Compressed sensing works something like this: You’ve got a picture — of a kidney, of the president, doesn’t matter. The picture is made of 1 million pixels. In traditional imaging, that’s a million measurements you have to make. In compressed sensing, you measure only a small fraction — say, 100,000 pixels randomly selected from various parts of the image. From that starting point there is a gigantic, effectively infinite number of ways the remaining 900,000 pixels could be filled in.The key to finding the single correct representation is a notion called sparsity, a mathematical way of describing an image’s complexity, or lack thereof. A picture made up of a few simple, understandable elements — like solid blocks of color or wiggly lines — is sparse; a screenful of random, chaotic dots is not. It turns out that out of all the bazillion possible reconstructions, the simplest, or sparsest, image is almost always the right one or very close to it.
But how can you do all the number crunching that is required to find the sparsest image quickly? [...] To do that, the algorithm takes the incomplete image and starts trying to fill in the blank spaces with large blocks of color. If it sees a cluster of green pixels near one another, for instance, it might plunk down a big green rectangle that fills the space between them. If it sees a cluster of yellow pixels, it puts
down a large yellow rectangle. In areas where different colors are interspersed, it puts down smaller and smaller rectangles or other shapes that fill the space between each color. It keeps doing that over and over. Eventually it ends up with an image made of the smallest possible combination of building blocks and whose 1 million pixels have all been filled in with colors. [...]

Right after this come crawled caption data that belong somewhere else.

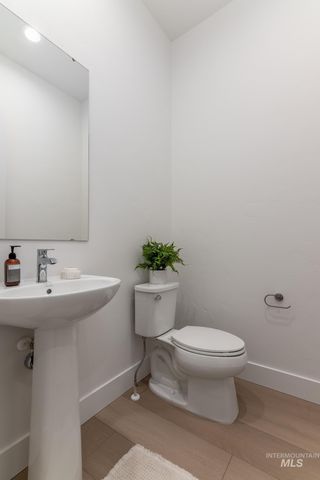 1113 W Grassland Ct, Middleton, ID 83644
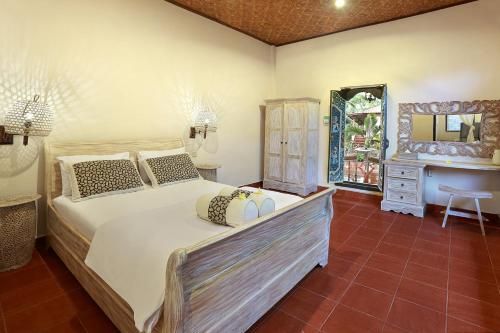 Danaya's Cottage and Studio
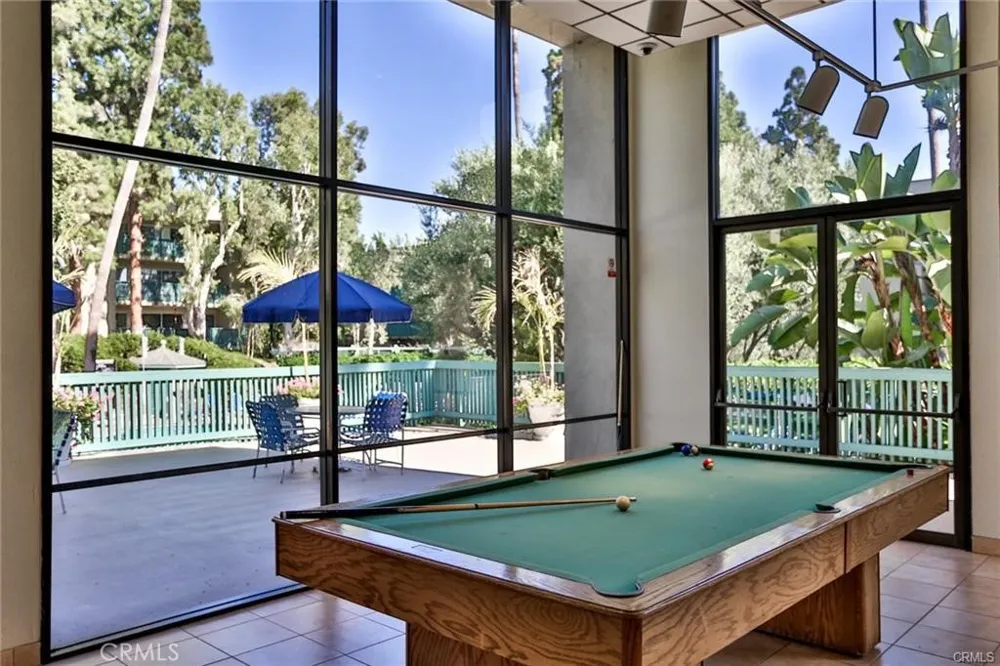 412 Bellflower #104 Long Beach, CA 90814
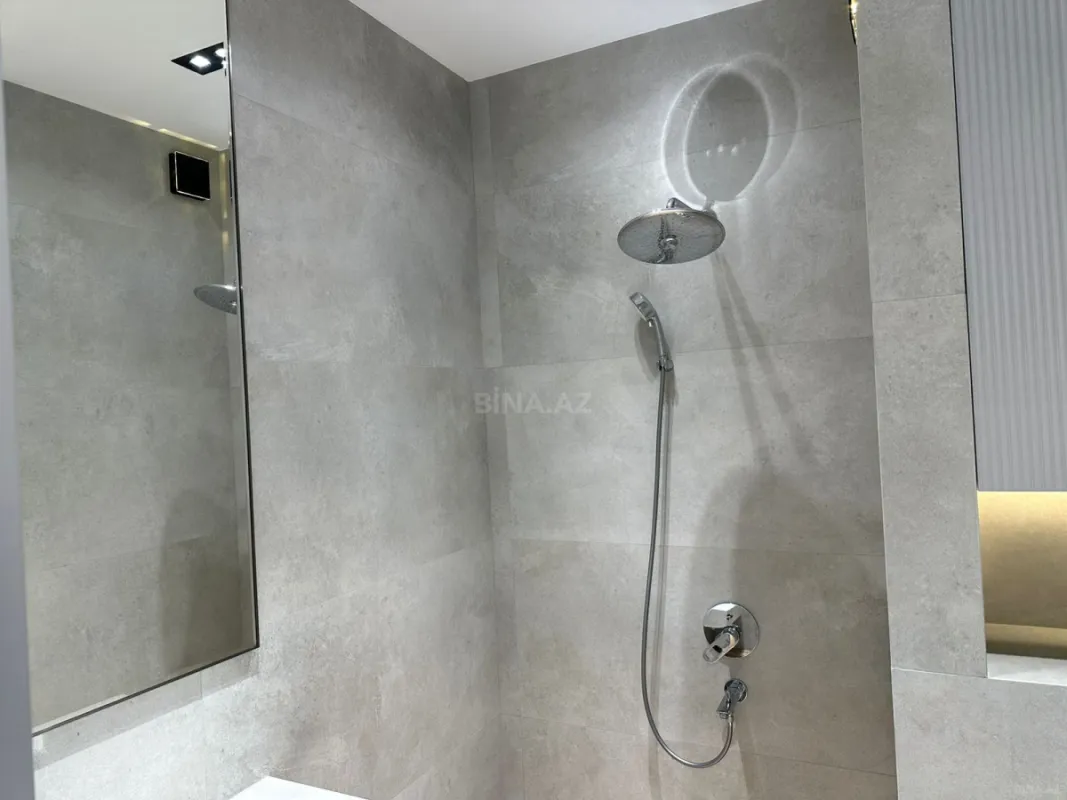 Kirayə verilir 2 otaqlı mənzil 70 m²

Compressed sensing has already had a spectacular scientific impact. That’s because every interesting signal is sparse — if you can just figure out the right way to define it. For example, the sound of a piano chord is the combination of a small set of pure notes, maybe five at the most. Of all the possible frequencies that might be playing, only a handful are active; the rest of the landscape is silent. So you can use CS to reconstruct music from an old undersampled recording that is missing information about the sound waves formed at certain frequencies. Just take the material you have and use l1 minimization to fill in the empty spaces in the sparsest way. The result is almost certain to sound just like the original music. [...]
...for example, a future in which the technique is used in more than MRI machines. Digital cameras, he explains, gather huge amounts of information and then compress the images. But compression, at least if CS is available, is a gigantic waste. If your camera is going to record a vast amount of data only to throw away 90 percent of it when you compress, why not just save battery power and memory and record 90 percent less data in the first place? For digital snapshots of your kids, battery waste may not matter much; you just plug in and recharge. “But when the battery is orbiting Jupiter,” Candès says, “it’s a different story.” Ditto if you want your camera to snap a photo with a trillion pixels instead of a few million.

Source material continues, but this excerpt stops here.